At this point Dr. Kissinger took the Foreign Secretary in to see the President for seven or eight minutes.

When they returned it had been agreed, after some discussion of how this might be communicated, that the Foreign Secretary would speak with President Yahya and make his own personal assessment on this subject of Mujib which would be sent in the back-channel to Dr. Kissinger. Dr. Kissinger noted that if there were military action, the issue might be moot.

The Foreign Secretary double checked by saying that the question Dr. Kissinger had asked was: Exactly how far can Mujibʼs role and personality be used in stabilizing the situation and over what period of time?

Dr. Kissinger concluded by saying that the Foreign Secretary could wait until he got back in five days or so before replying.

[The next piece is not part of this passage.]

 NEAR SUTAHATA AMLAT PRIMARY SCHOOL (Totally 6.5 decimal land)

He repeated again how grateful he had been for his reception in July and President Yahyaʼs kindness in connection with his trip to Peking.

Harold H. Saunders 4
  1. Source: National Archives, Nixon Presidential Materials, NSC Files, Box 643, Country Files, Middle East, India/Pakistan, July 1971. Secret;Nodis. The meeting was held in Kissingerʼs office at the White House. Sultan Khan was in Washington November 13–16 to consult on the crisis.

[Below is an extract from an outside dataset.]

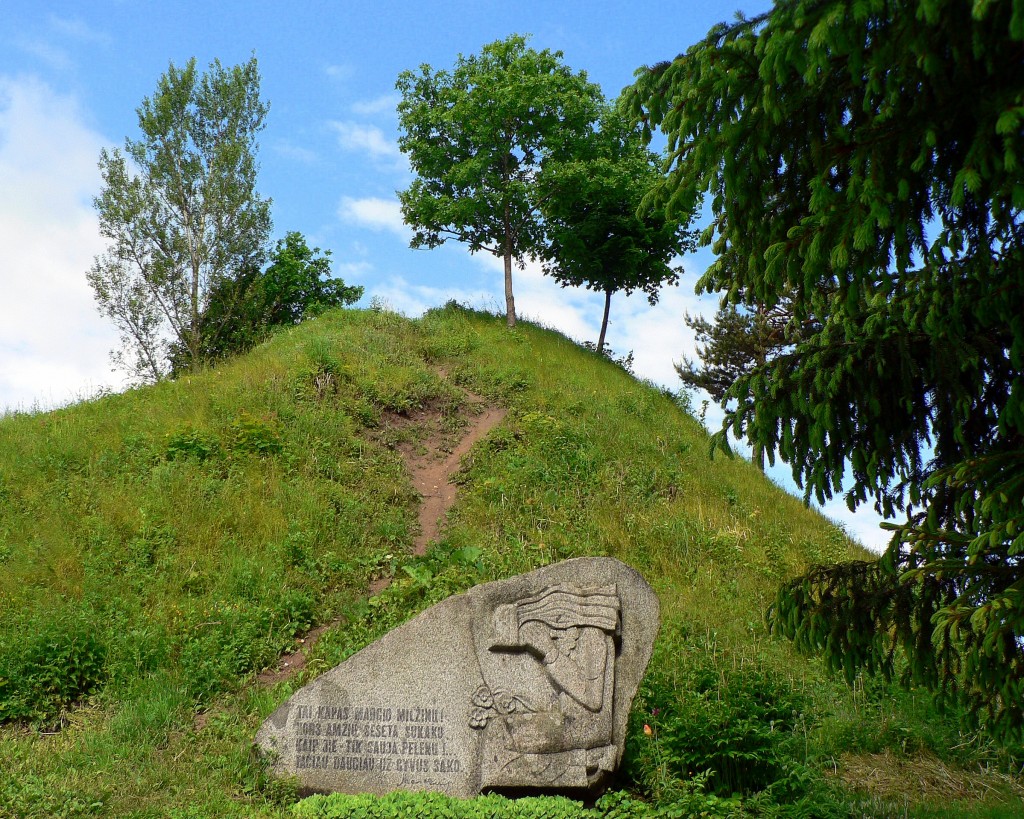 Punios piliakalnis (dar žinomas kaip Margio kalnas) – piliakalnis Alytaus rajone, šalia Punios kaimo, Nemuno dešiniajame krante, prie Punelės upelio žiočių. Įeina į Nemuno kilpų regioninį parką. Foto turistopasaulis.lt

  2. All brackets in the source text. Lee Lescaze reported on November 12 in The Washington Post that President Yahya had privately expressed willingness to meet with leaders of the Awami League.

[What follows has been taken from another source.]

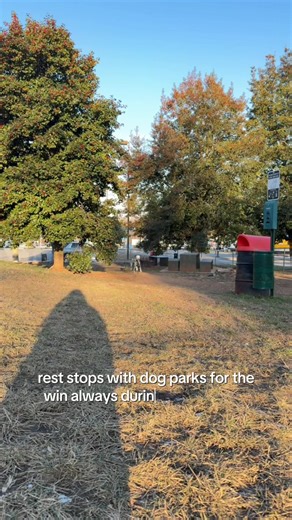 Best Rest Stops with Dog Parks for Road Trips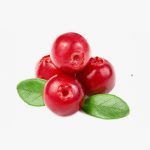 feugiat nulla facilisis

  3. Kissinger told Dobrynin in a telephone conversation on November 15 that the United States was “extremely concerned about the South Asian situation.” He said: “We think India is determined to have a showdown,” and added: “In our view, sending arms into India is adding fuel.” (Transcript of a telephone conversation, November 15, 12:33 p.m.; Library of Congress, Manuscript Division, Kissinger Papers, Box 395, Telephone Conversations, Dobrynin, Sept 1971–Apr 1972)
  4. Printed from a copy that bears this typed signature.